Der Kellner sieht sie von der Seite an und denkt: Die zwei haben schon Streitigkeiten miteinander und sind erst seit drei Monaten verheiratet!

Eine Pause. – Erik schließt die Augen, er ist todmüde.

Eine Pause. – Ein Zug donnert herein. Gelbe Laternen werfen ihre Reflexe auf Helenes lichtes Kleid. Die geschliffenen Gläser zittern und klingen. Violette Astern, Zyklamen und allerhand Grashalme mit grauer, samtweicher Krone, die auf dem leuchtendweißen Tischtuch in einer blauen Vase stehen, erbeben leise, wie von einem fernen Wind bewegt. – Erik streicht mit seiner gesunden Hand ganz leicht über die Blüten. Dann schließt er die Augen; er ist müde bis in den Tod.

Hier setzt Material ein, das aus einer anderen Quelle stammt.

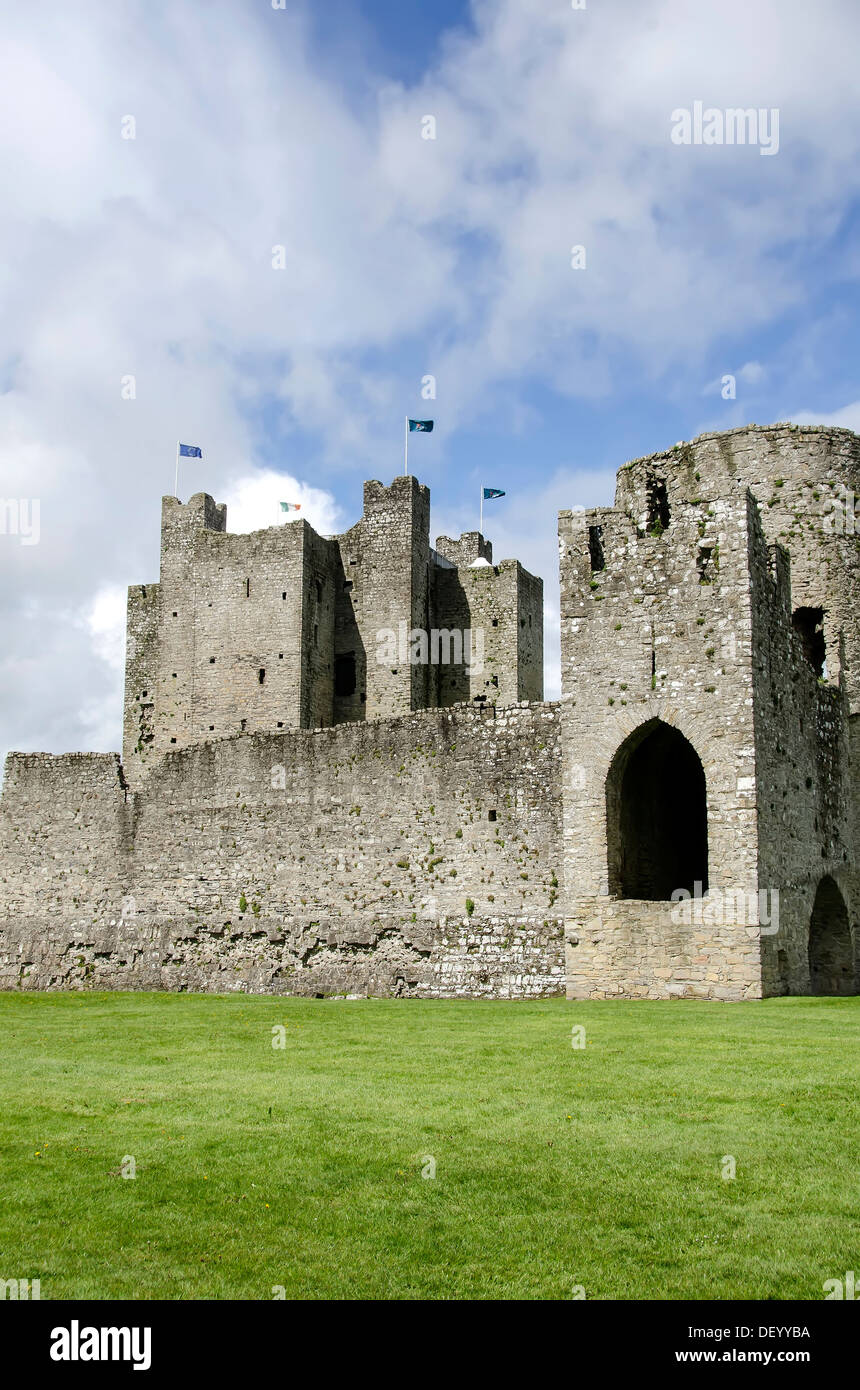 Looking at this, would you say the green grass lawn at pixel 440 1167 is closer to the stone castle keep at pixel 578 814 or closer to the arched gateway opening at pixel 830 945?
the stone castle keep at pixel 578 814

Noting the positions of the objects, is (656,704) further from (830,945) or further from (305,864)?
(305,864)

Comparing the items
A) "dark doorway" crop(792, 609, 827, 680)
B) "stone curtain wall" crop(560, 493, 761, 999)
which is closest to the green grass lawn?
"stone curtain wall" crop(560, 493, 761, 999)

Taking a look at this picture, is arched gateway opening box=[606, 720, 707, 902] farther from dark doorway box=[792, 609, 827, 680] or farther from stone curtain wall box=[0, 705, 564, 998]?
dark doorway box=[792, 609, 827, 680]

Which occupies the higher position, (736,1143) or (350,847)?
(350,847)

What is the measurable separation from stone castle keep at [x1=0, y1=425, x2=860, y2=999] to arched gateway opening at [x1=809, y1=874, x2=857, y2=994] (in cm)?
6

Helene sieht ihn an, mit großen Augen. Sie sieht den Weg von Hieflau zu dem Bahnhof vor sich, die regenfeuchte, weißglitzernde Straße, die lichte Birke, die sich im Wind schüttelt, sieht sich und Erik wieder jenen Weg zurückgehen, langsam, still, Hand in Hand, die Wiesen entlang, die vom Regen halb erdrückt sind, die sich enge in die Falten und Furchen der Erde schmiegen, entlang das gelbe, weithin wogende Feld. Und das goldene Haar der Gerste gleitet durch seine Finger im Vorübergehen. –

Einen Augenblick lang vergißt sie alles, was nachher gekommen ist, Wien, Edith, Eriks dumpfes Zimmer mit den herabgelassenen Rolläden, in dem am Boden Dinas Zigarettendose golden im Dämmer schimmert, – vergißt die grauenhaft böse Stunde vor ihrem Haus, vor den unerbittlich dunklen Fenstern ihres Zimmers – vergißt die Kärntner Straße und Doktor Sänger, alles,– – – und sieht nur ihn und sich, tief und wortlos vereint, regenfeuchte Wege gehen, an goldenen Getreidefeldern vorbei.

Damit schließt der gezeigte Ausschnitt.